I love the story of Bartimaeus in Mark 10:46-52. It really needs to be read in its context, and this is not always done. In the lead-up to this story, the disciples have lacked faith and understanding about the true purpose of Jesus’ Messiah-ship. They have been spiritually “blind”. Bartimaeus on the other hand is physically blind, but spiritually full of faith and “sees” exactly who Jesus is. The story also raises a number of unanswered questions. Have a look at the story again, alongside some questions and contextualising

They came to Jericho.

Jericho is the last town on Jesus’ last journey to Jerusalem. About a week later he was crucified.

As he (Jesus) and his disciples and a large crowd were leaving Jericho,

Who is this large crowd? Are they following Jesus or just going to Jerusalem, perhaps for the Passover? At least some have heard or been healed and followed Jesus “on the way.”

Bartimaeus, Son of Timaeus, a blind beggar was sitting by the road side.

Bar-timaeus, literally is “son of Timaeus”. Timaeus also means “honoured”.

When he heard that it was Jesus of Nazareth,

A blind person has good hearing. Above the crowd he hears that it is Jesus of Nazareth who is passing by. So what! This implies Bartimaeus knew Jesus or knew who he was or had heard his teaching, especially given what he says later

he began to shout out with a loud voice and say,
“Jesus, Son of David, have mercy on me!”
Many sternly ordered him to be quiet, but he cried out even more loudly, “Son of David, have mercy on me!”

“Shout” to be heard above the milling crowd, but also in his desperate desire to be healed. In Mark, Bartimaeus is the first person to acknowledge Jesus is of David’s line. But from here on there are many references to this. No amount of discouragement will stop him, because he knows he can be healed

Jesus stood still and said, “Call him here.”
And they called the blind man, saying to him, “Take heart, get up, he is calling you.”

The discouragers become encouragers.

So throwing off his (beggar’s) cloak, he sprang up and came to Jesus.

We don’t find “beggar’s” in any version. But culturally we know that beggars wore a special cloak that signified they were genuine. Why throw it off? He knows he won’t need it anymore.

Then Jesus said to him, “What do you want me to do for you?”

Surely Jesus can see that he is blind. Is this a test of Bartimaeus’ faith? Maybe he doesn’t believe Jesus can heal him and he wants some “simpler” blessing.

The blind man said, “My teacher, I want to see again!”

Bartimaeus addressing Jesus as “My teacher”, again implies he knows something about Jesus. I am not convinced he is simply being polite to a rabbi. Note, also that Bartimaeus has had sight previously. Has he seen and heard Jesus when he had that sight?

Jesus said to him, “Go, your faith has made you well.”
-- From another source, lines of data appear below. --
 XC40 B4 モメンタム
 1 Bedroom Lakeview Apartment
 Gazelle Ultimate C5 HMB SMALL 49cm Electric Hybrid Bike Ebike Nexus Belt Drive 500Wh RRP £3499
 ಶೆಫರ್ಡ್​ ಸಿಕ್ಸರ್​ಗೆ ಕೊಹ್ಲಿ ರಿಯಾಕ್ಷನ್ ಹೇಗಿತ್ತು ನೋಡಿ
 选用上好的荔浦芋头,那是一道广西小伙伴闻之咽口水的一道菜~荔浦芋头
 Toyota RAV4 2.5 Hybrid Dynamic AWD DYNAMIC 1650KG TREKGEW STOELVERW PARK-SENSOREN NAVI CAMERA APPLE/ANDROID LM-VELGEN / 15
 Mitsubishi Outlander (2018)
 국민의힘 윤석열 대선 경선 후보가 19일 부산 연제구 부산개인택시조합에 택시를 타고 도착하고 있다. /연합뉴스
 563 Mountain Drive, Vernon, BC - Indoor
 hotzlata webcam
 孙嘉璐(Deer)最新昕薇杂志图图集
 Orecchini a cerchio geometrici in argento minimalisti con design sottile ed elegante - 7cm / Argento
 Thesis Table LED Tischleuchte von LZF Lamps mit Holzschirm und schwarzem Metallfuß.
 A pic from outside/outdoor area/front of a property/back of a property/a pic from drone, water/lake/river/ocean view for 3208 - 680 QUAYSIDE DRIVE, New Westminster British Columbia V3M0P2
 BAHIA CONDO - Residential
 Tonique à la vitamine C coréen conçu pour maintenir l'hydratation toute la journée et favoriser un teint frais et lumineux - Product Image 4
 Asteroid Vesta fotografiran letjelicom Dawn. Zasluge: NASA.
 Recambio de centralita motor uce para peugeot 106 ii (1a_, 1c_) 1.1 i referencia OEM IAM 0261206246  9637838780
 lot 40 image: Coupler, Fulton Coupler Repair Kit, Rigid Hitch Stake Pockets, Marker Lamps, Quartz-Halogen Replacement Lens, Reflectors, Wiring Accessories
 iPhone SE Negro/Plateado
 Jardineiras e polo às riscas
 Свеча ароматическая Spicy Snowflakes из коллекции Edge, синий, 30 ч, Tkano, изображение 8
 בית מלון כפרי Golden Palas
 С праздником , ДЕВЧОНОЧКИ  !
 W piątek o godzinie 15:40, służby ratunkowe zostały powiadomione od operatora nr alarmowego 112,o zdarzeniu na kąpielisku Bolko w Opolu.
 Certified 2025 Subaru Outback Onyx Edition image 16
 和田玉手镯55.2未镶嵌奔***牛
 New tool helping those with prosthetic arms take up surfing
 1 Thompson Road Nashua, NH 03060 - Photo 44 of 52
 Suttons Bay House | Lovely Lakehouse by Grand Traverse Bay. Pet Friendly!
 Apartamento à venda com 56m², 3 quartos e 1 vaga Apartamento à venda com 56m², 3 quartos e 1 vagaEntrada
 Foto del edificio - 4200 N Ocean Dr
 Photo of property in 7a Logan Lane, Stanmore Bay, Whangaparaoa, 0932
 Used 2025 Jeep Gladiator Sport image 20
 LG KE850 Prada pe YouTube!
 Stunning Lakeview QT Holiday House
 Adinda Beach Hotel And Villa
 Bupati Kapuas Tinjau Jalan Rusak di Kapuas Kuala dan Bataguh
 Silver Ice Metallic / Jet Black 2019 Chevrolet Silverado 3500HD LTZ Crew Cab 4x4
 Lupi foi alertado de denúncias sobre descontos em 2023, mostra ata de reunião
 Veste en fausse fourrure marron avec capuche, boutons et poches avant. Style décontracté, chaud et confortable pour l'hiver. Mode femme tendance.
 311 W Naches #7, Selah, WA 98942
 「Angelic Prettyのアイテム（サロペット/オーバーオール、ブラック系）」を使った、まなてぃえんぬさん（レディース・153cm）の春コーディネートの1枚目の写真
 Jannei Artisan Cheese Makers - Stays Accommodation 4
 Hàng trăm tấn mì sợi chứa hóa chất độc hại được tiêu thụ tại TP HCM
“Go!” Go, where? Home and see your family again? Go to the temple so the priests can confirm you are healed? Go and get a job, now that you can? You don’t have to beg anymore.

Immediately, he received his sight and followed him on the way.

Given his faith, it is not surprising that his healing is instant. But where does he “go”. He follows Jesus “on the way”. “On the way” with the crowds to Jerusalem, where they will see his last days. “On the way” was a phrase that the early church used for people who followed Jesus. So there is a two-pronged understanding of what that “on the way” means.